How we cite our quotes: Citations follow this format: (Act.Line). Every time a character talks counts as one line, even if what they say turns into a long monologue.
Quote #1
[[Eliza] is not at all an attractive person. She is perhaps eighteen, perhaps twenty, hardly older. She wears a little sailor hat of black straw that has long been exposed to the dust and soot of London and has seldom if ever been brushed. Her hair needs washing rather badly: its mousy color can hardly be natural. She wears a shoddy black coat that reaches nearly to her knees and is shaped to her waist. She has a brown skirt with a coarse apron. Her boots are much the worse for wear. She is no doubt as clean as she can afford to be; but compared to the ladies she is very dirty. Her features are no worse than theirs; but their condition leaves something to be desired; and she needs the services of a dentist]. (1.29)
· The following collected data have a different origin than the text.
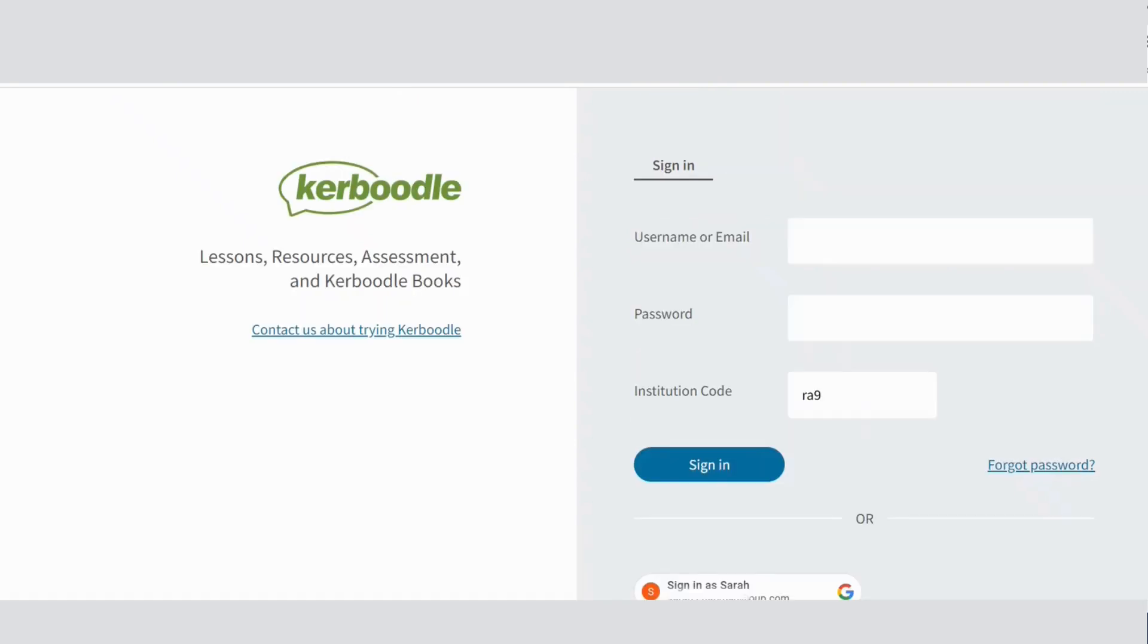If you're not sure whether accounts have the correct email addresses linked, it's easy to check and update this if necessary. Ask your students to sign into Kerboodle using their username, password and institution code as normal.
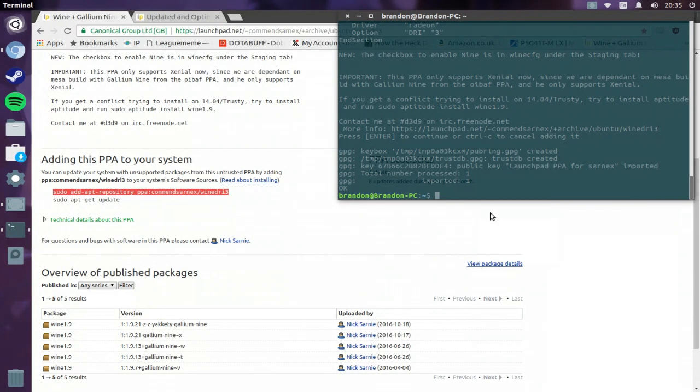So after it's done, just type in sudo apt-update. This will get you the repository.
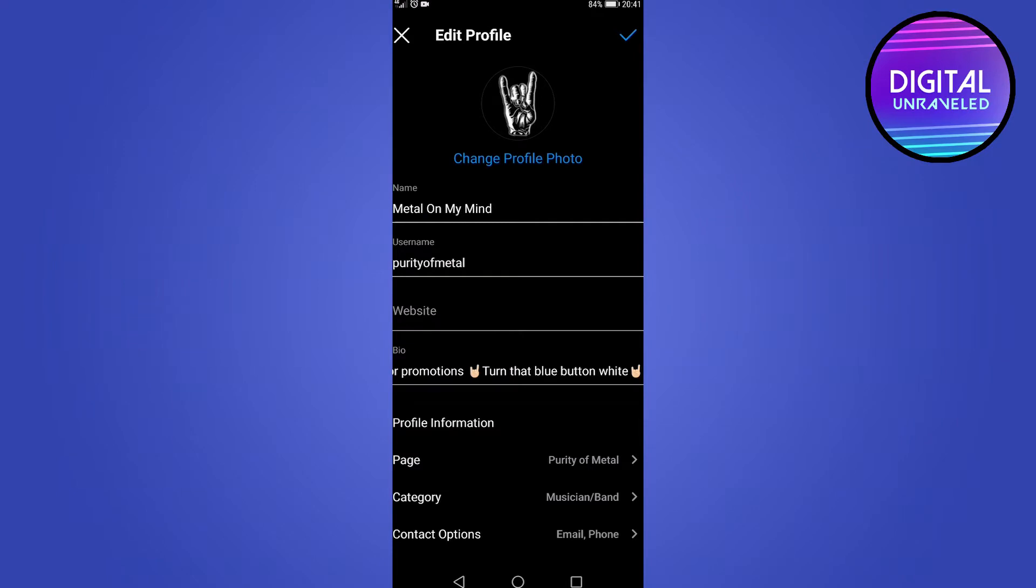Now if you try to update your profile with a website that is not allowed by Instagram and try to save it, you'll get an error. Some websites Instagram doesn't like, so they don't allow you to put them in your profile. That's why you'll get an error message when you try to save your profile.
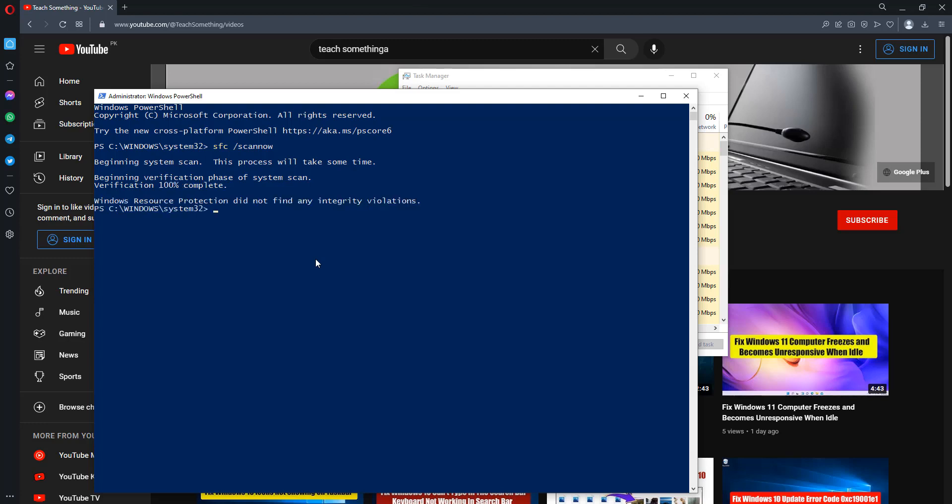After completing that, type the command: DISM space slash online space slash cleanup dash image space slash restorehealth and press Enter.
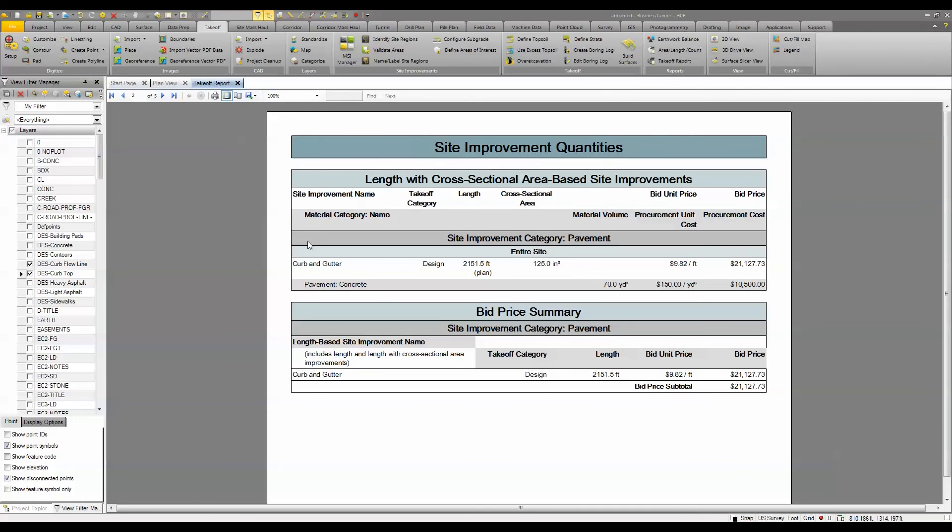To learn more about Trimble Business Center Heavy Civil Edition and the takeoff functionality, contact your local SiteTech dealer.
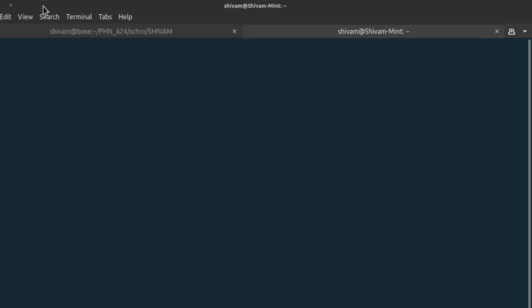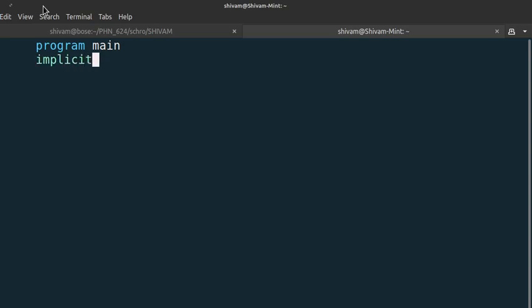Today we are going to solve particle in an infinite potential well by solving the Schrödinger equation. I am writing the code in Fortran, and after some time I will also upload the code in Python if requested. This is my way of writing the Fortran code.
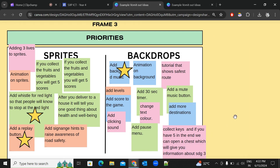In Assignment 2, the requirement is to have at least two medium enhancements, or four basic enhancements, or one medium and two basic enhancements. Your starred ideas in Frame 3 should reflect what you plan to fulfill in Assignment 2. That is all for Assignment 1.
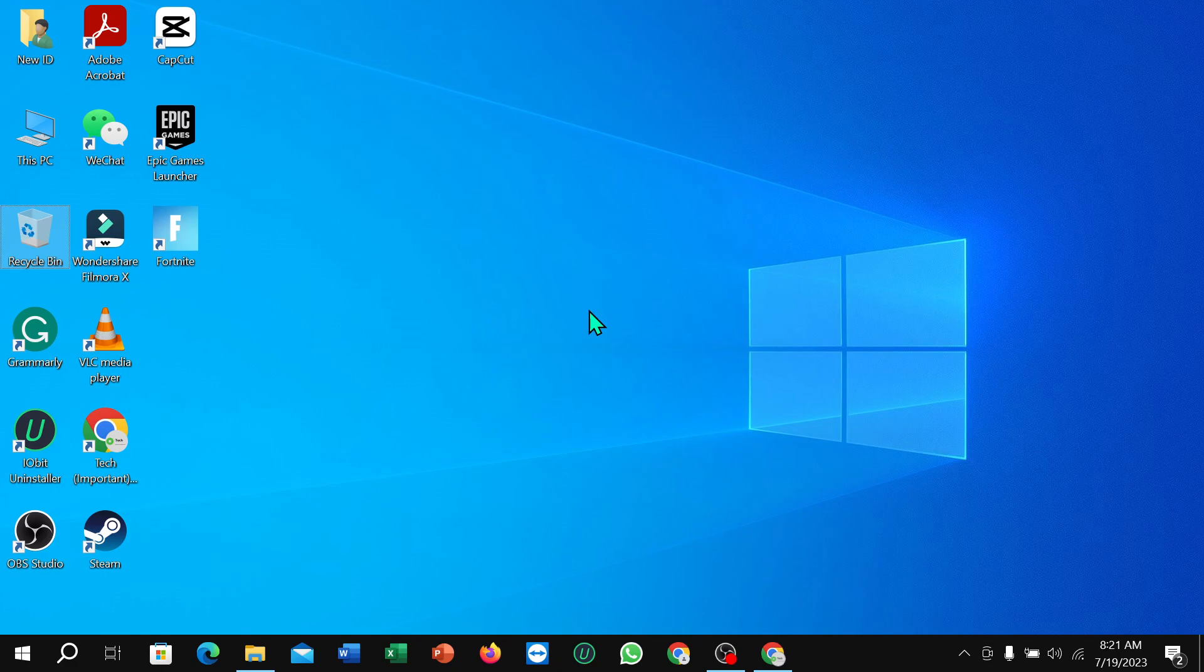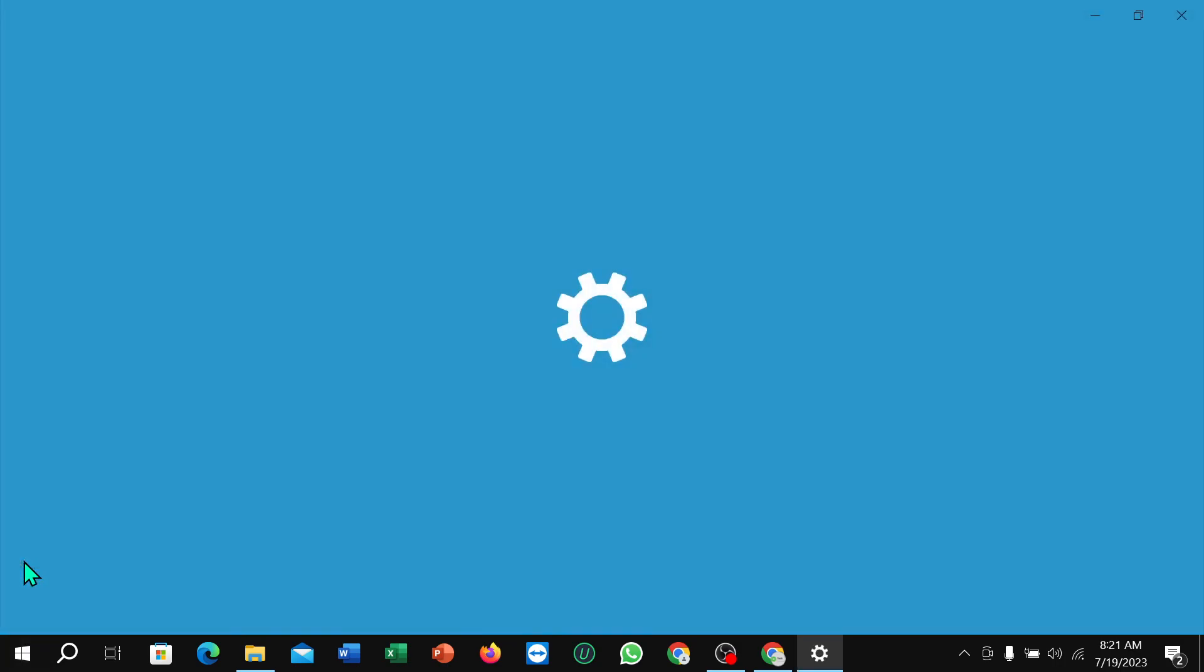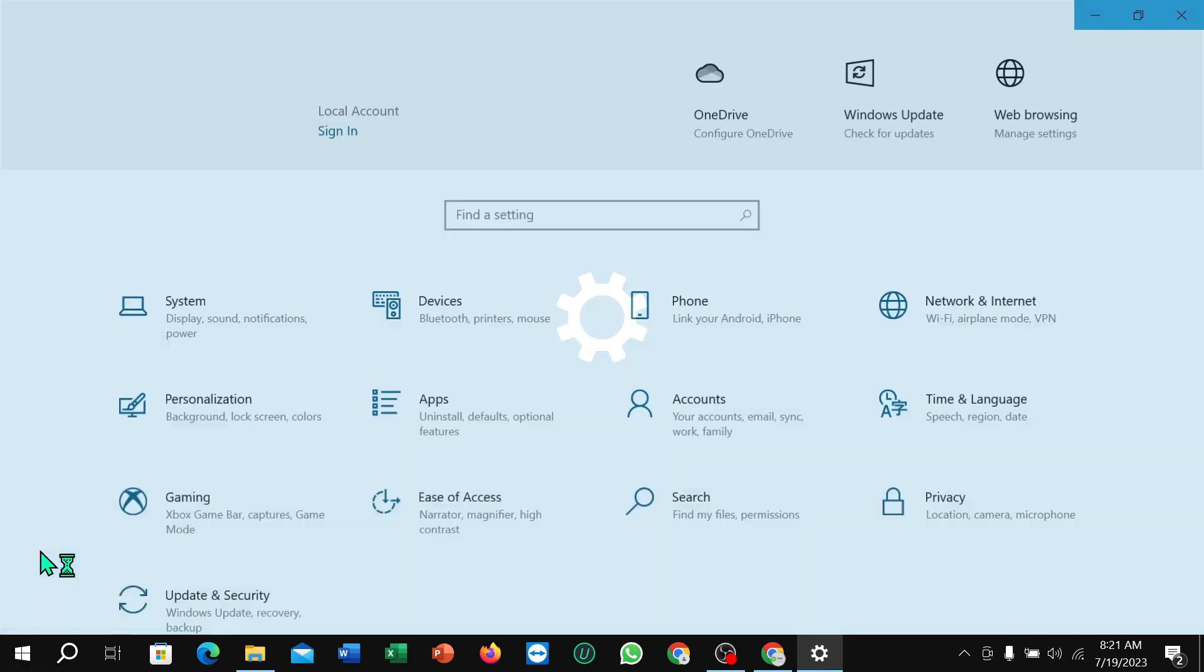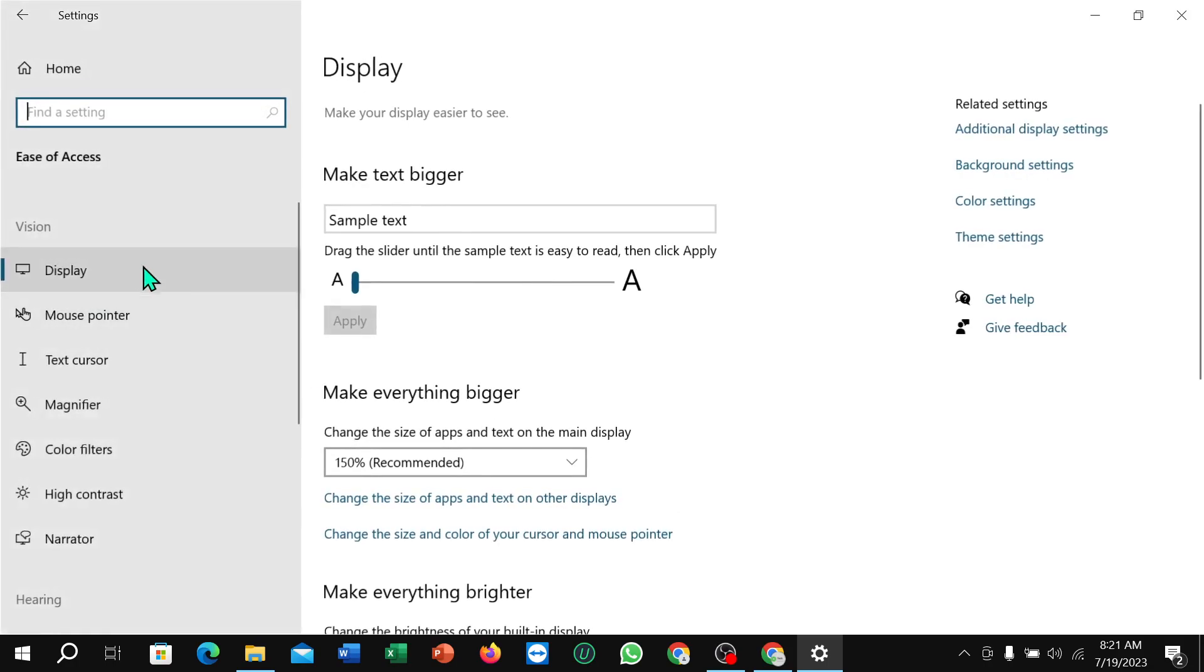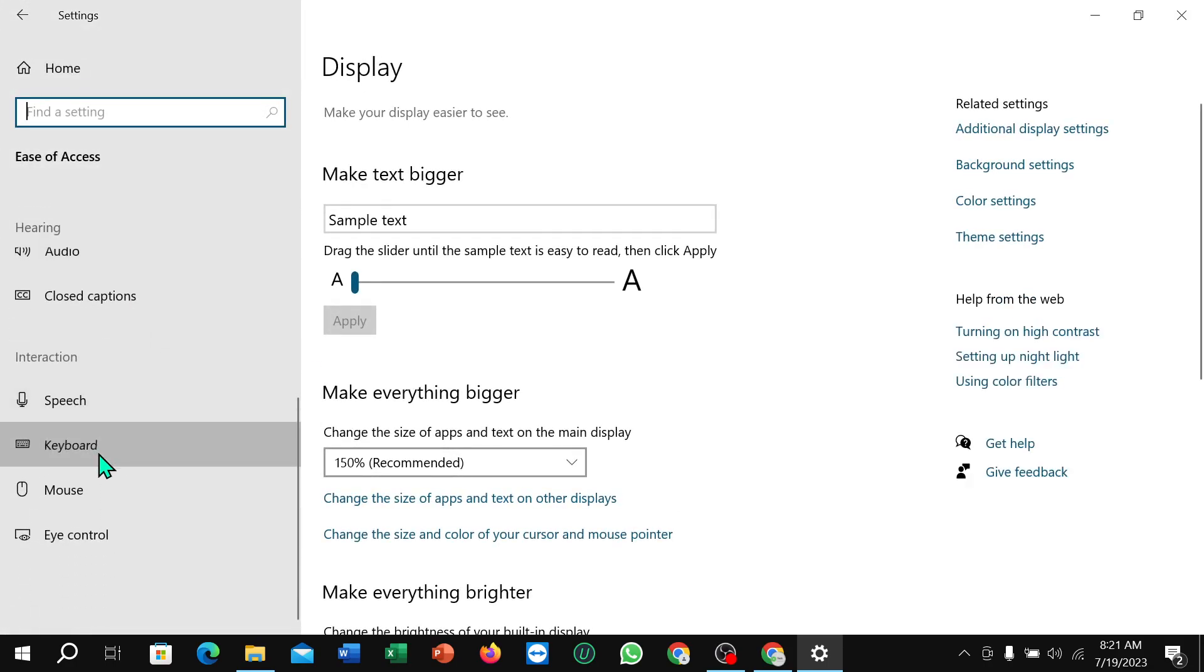First of all, you just need to click on this corner Windows icon, then select Settings and select Ease of Access, and scroll down, select Keyboard.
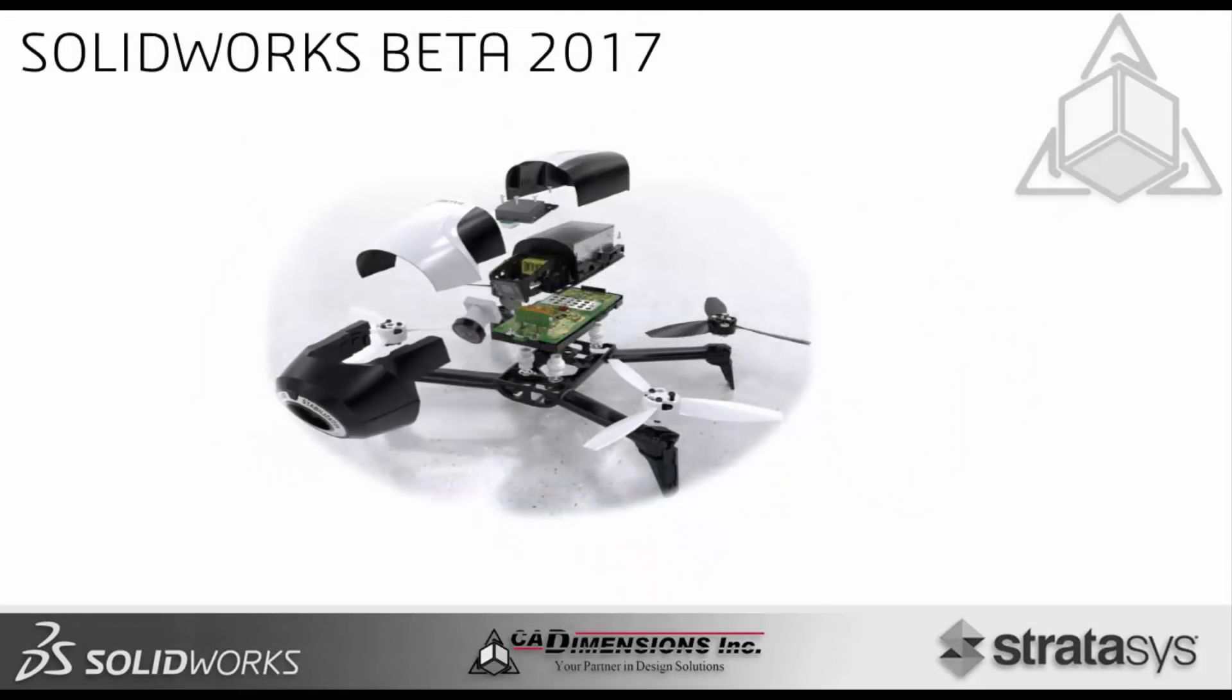Hello and welcome to this week's tech tip. My name is Franco Ruttoli and today we're going to be talking about SOLIDWORKS BETA 2017. We're going to be talking about how to download and install it and some of the advantages of the beta program.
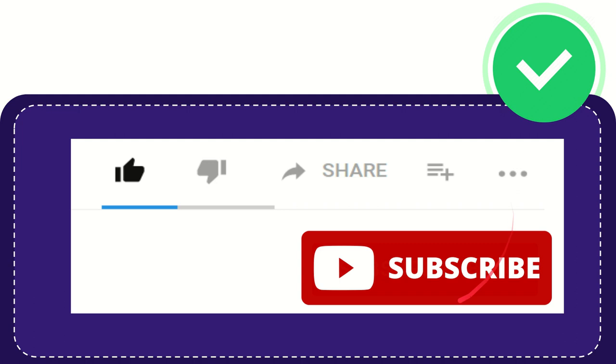And yeah, don't forget to subscribe. I think that's all of it. Thank you so much for watching this video and see you again in another video. Bye bye, see you again.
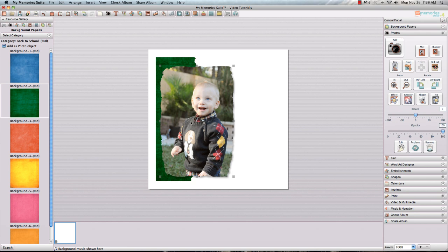Remember that you can use it on any file that imports as a JPEG image or anything that you pull in as a background paper or a photograph in your program. If you have any questions, please feel free to email me at lisaj at mymemories.com and watch for more new tutorial features that we're going to do to highlight each of the new functions and features of My Memory Suite version 4.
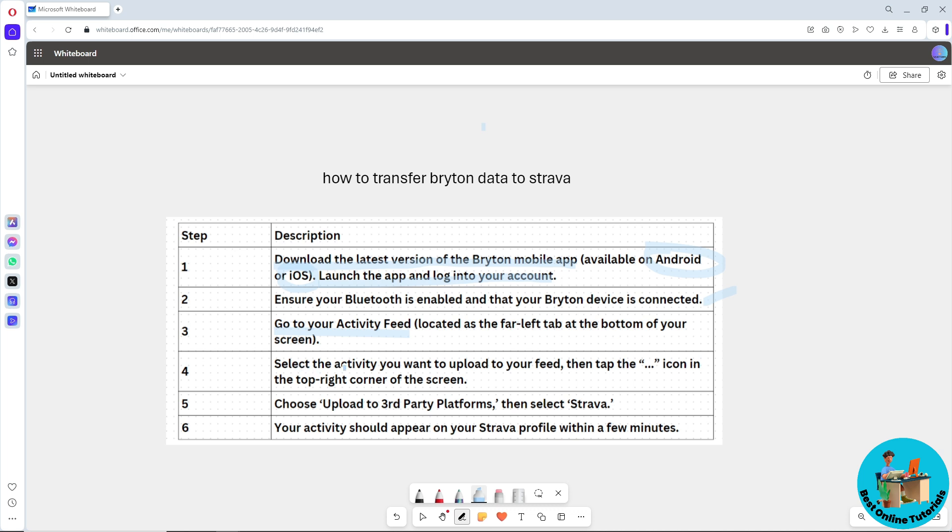the activity or the Bryton data that you want to upload to your feed. Tap on the three dot icon in the top right corner of the screen, and then choose Upload to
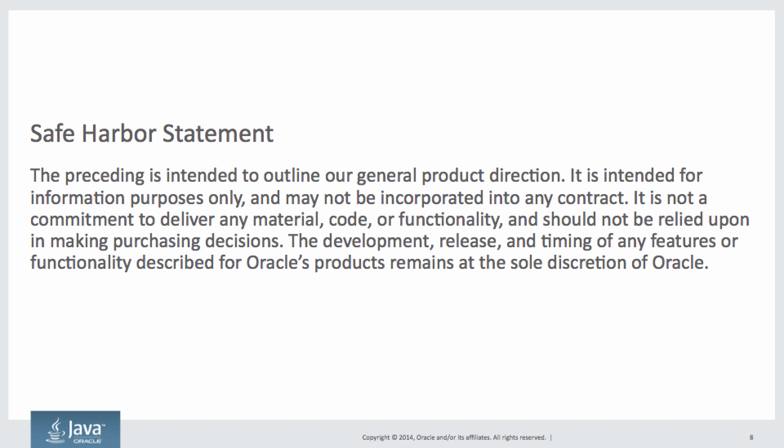I hope you enjoyed this brief demo of the Advanced Management Console as well as the explanations of what a deployment rule set is and the Java Usage Tracker is and how those can help you in managing the Java applets and Java applications in your enterprise.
Shaw tells us that she "is not at all an attractive person," but he contradicts himself in the next act. In this case, mere physical appearance, dirtiness, and neglect destroy any kind of physical appeal.
Quote #2
The flower girl enters in state. She has a hat with three ostrich feathers, orange, sky-blue, and red. She has a nearly clean apron, and the shoddy coat has been tidied a little. The pathos of this deplorable figure, with its innocent vanity and consequential air, touches Pickering, who has already straightened himself in the presence of Mrs. Pearce. (2.21)
Even before she is taught to speak and talk correctly, Eliza has some ideas about cleanliness, self-image, and respectability. She is simply unable to meet any of the usual standards.
Quote #3
MRS. PEARCE. Yes, sir. Then might I ask you not to come down to breakfast in your dressing-gown, or at any rate not to use it as a napkin to the extent you do, sir. And if you would be so good as not to eat everything off the same plate, and to remember not to put the porridge saucepan out of your hand on the clean tablecloth, it would be a better example to the girl. You know you nearly choked yourself with a fishbone in the jam only last week. (2.188)
Mrs. Pearce has strong views on the potential harmfulness of what might be called bad behavior. As she sees it, Higgins must look and act respectable if he expects Eliza to change for the better.